WHAT TO PRODUCE: Write out the line with "Photo of property" and every later line through the end of the data below, exactly as given, with no pictures in the copy.

RAW DATA:
■ ■ ■ ■ ■

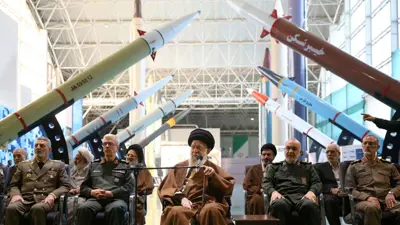 خامنئي مع قيادات الحرس الثوري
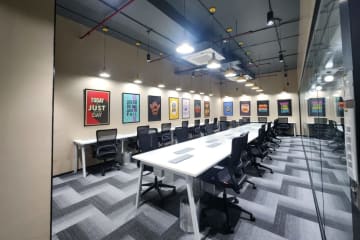 Innov8  - flexi-desk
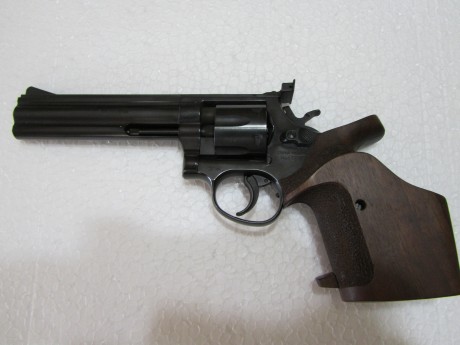 Vendo revolver ERMA calibre 32.  500 €

Revolver LLAMA calibre 38. 200€

Los precios no son negociables. 01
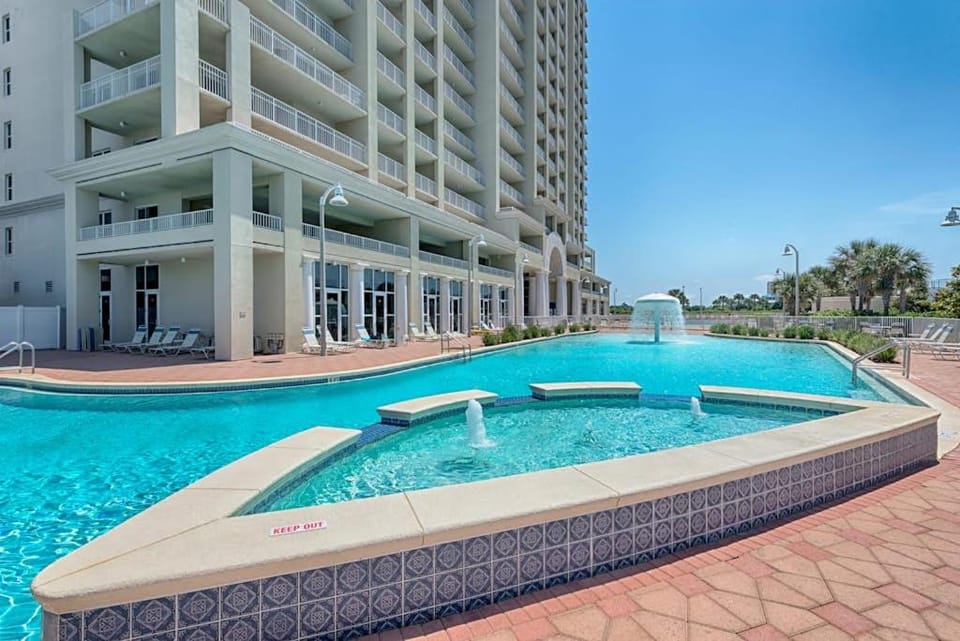 Family-friendly 13th-floor condo with furnished balcony shared tennis and pool House in Miramar Beach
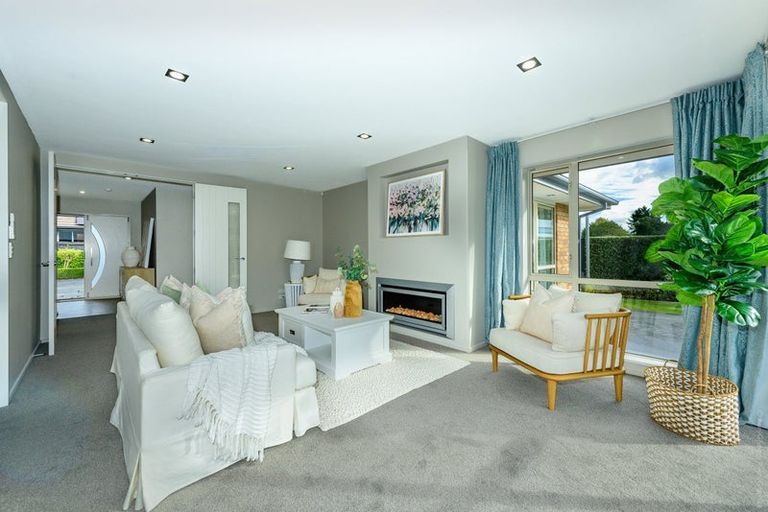 Photo of property in 12 Catkins Lane, Mairehau, Christchurch, 8052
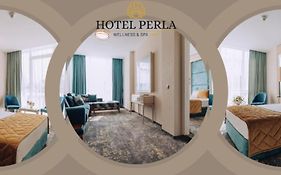 Hotel Perla バイレ・ウヌ・マイ Exterior photo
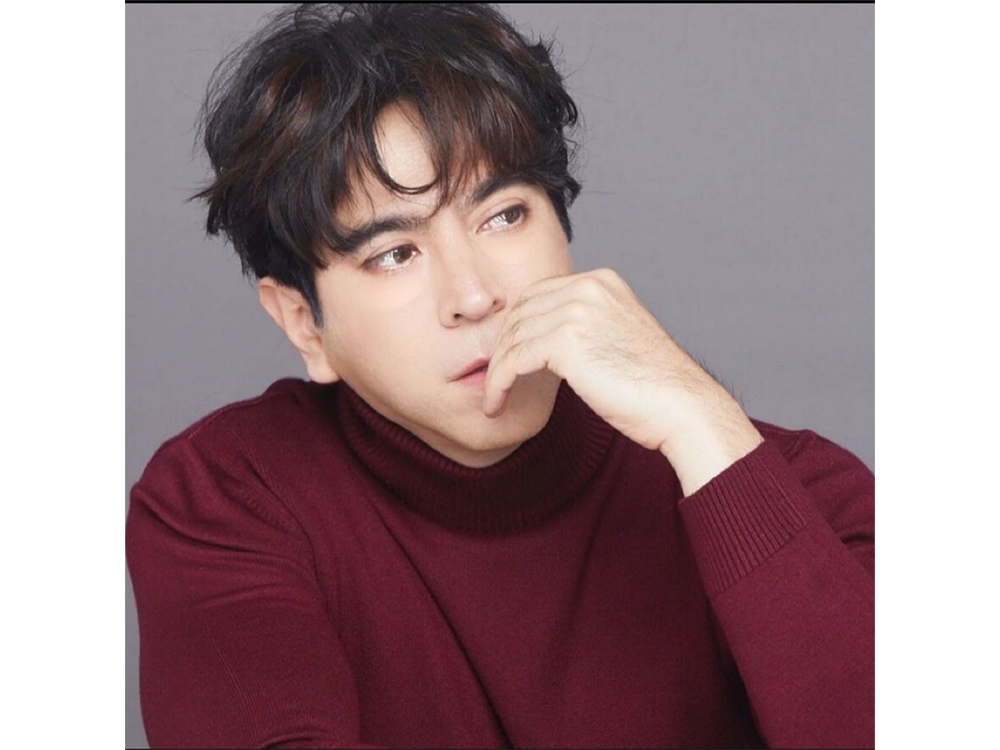 แซม ยุรนันท์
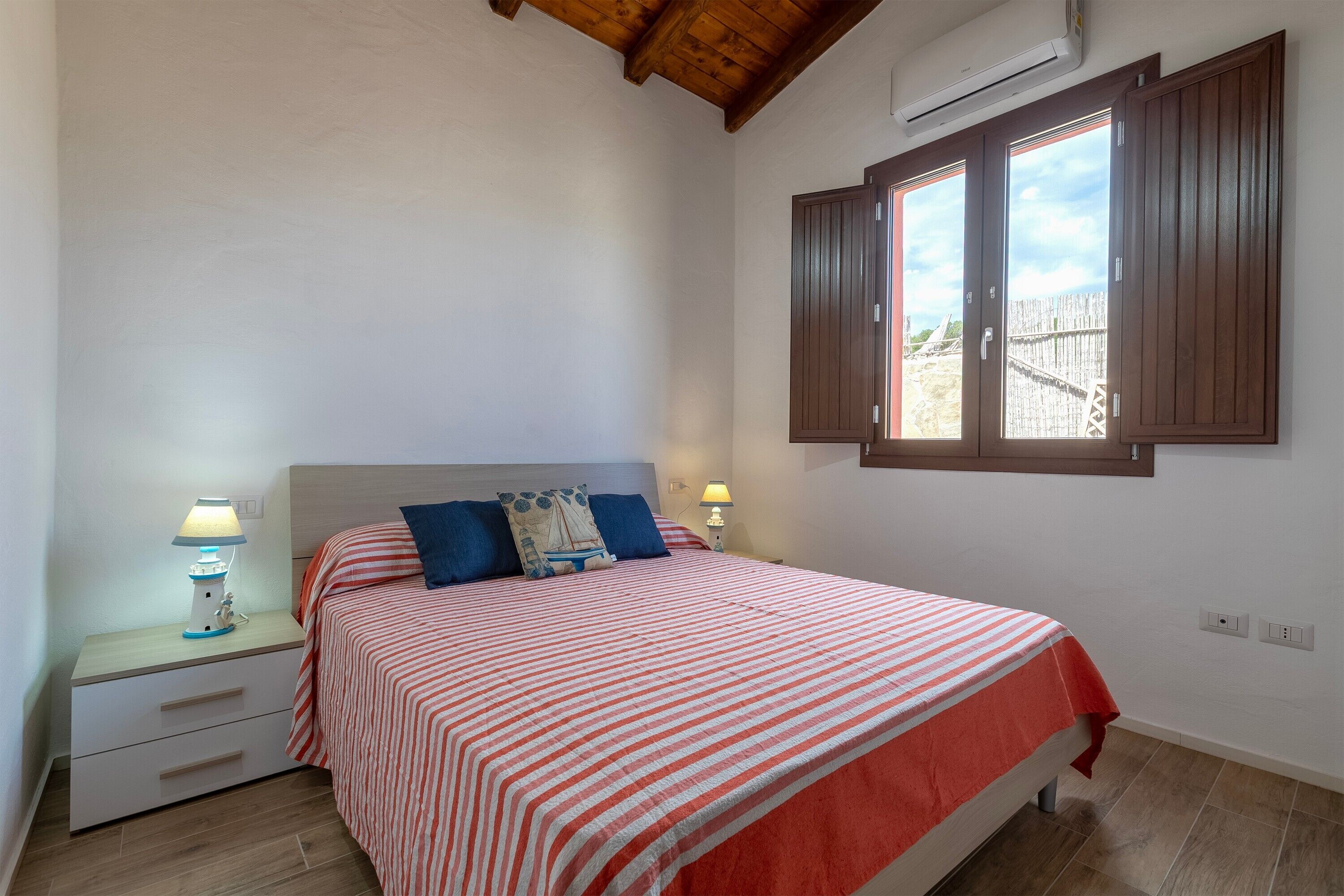 2 bedrooms, bed sheets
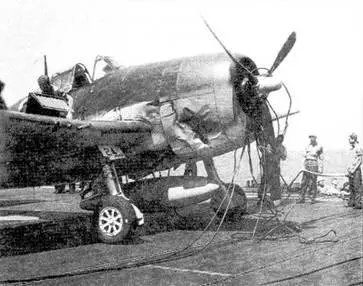 Хеллкэт F6F3 после выполнения боевого задания На капоте видны следы боевых - фото 43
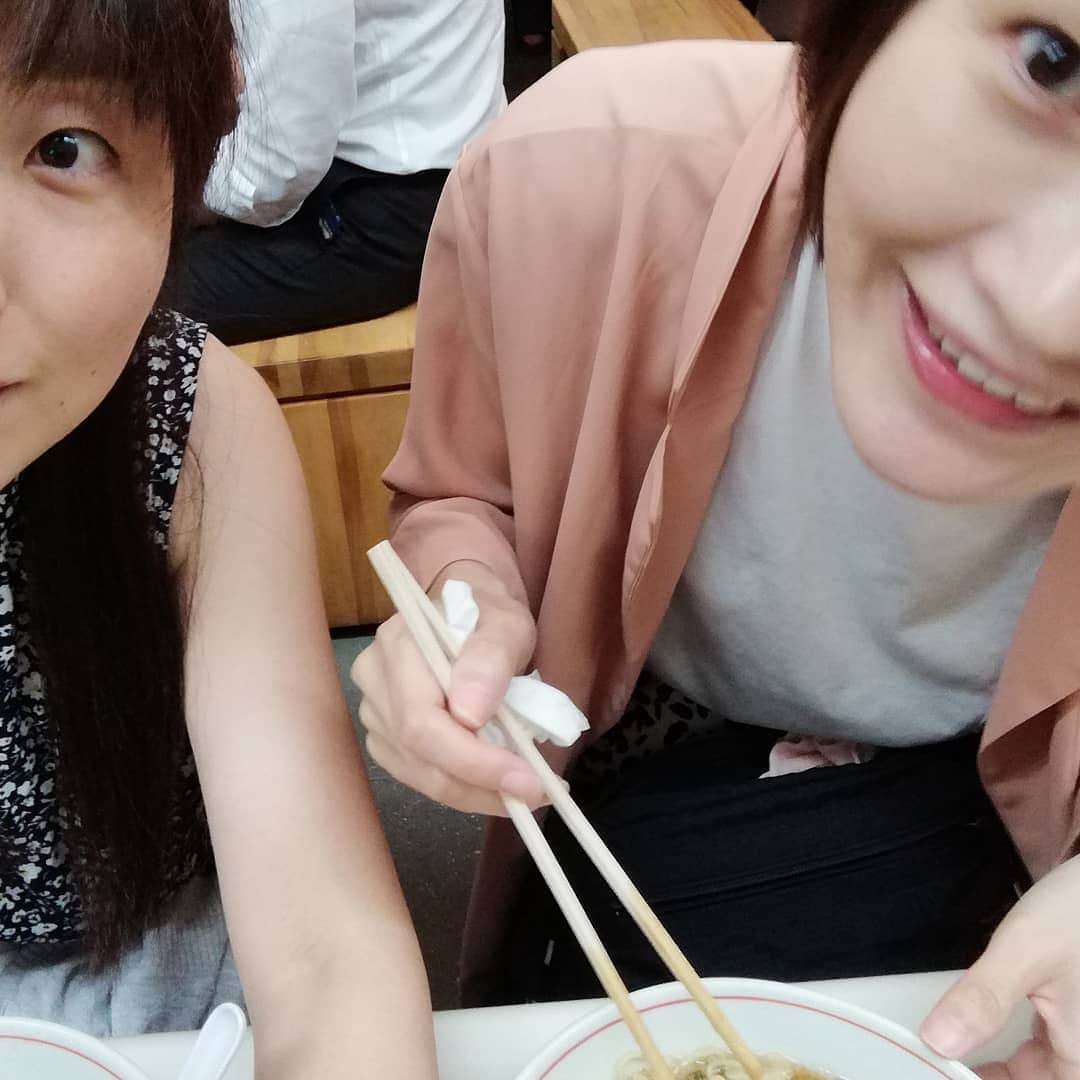 おぎたともこさんのインスタグラム写真 - (おぎたともこInstagram)「朱華園行った。  #このみおぎたともこ #このみ村田千鶴 #朱華園 #尾道ラーメン #閉店 #並んだ #他のメニューは売り切れとってラーメンと餃子 #このみーーー」6月18日 21時59分 - konomiogitatomoko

■ ■ ■ ■ ■

SOLVED PROBLEM:
 Photo of property in 12 Catkins Lane, Mairehau, Christchurch, 8052
 Hotel Perla バイレ・ウヌ・マイ Exterior photo
 แซม ยุรนันท์
 2 bedrooms, bed sheets
 Хеллкэт F6F3 после выполнения боевого задания На капоте видны следы боевых - фото 43
 おぎたともこさんのインスタグラム写真 - (おぎたともこInstagram)「朱華園行った。  #このみおぎたともこ #このみ村田千鶴 #朱華園 #尾道ラーメン #閉店 #並んだ #他のメニューは売り切れとってラーメンと餃子 #このみーーー」6月18日 21時59分 - konomiogitatomoko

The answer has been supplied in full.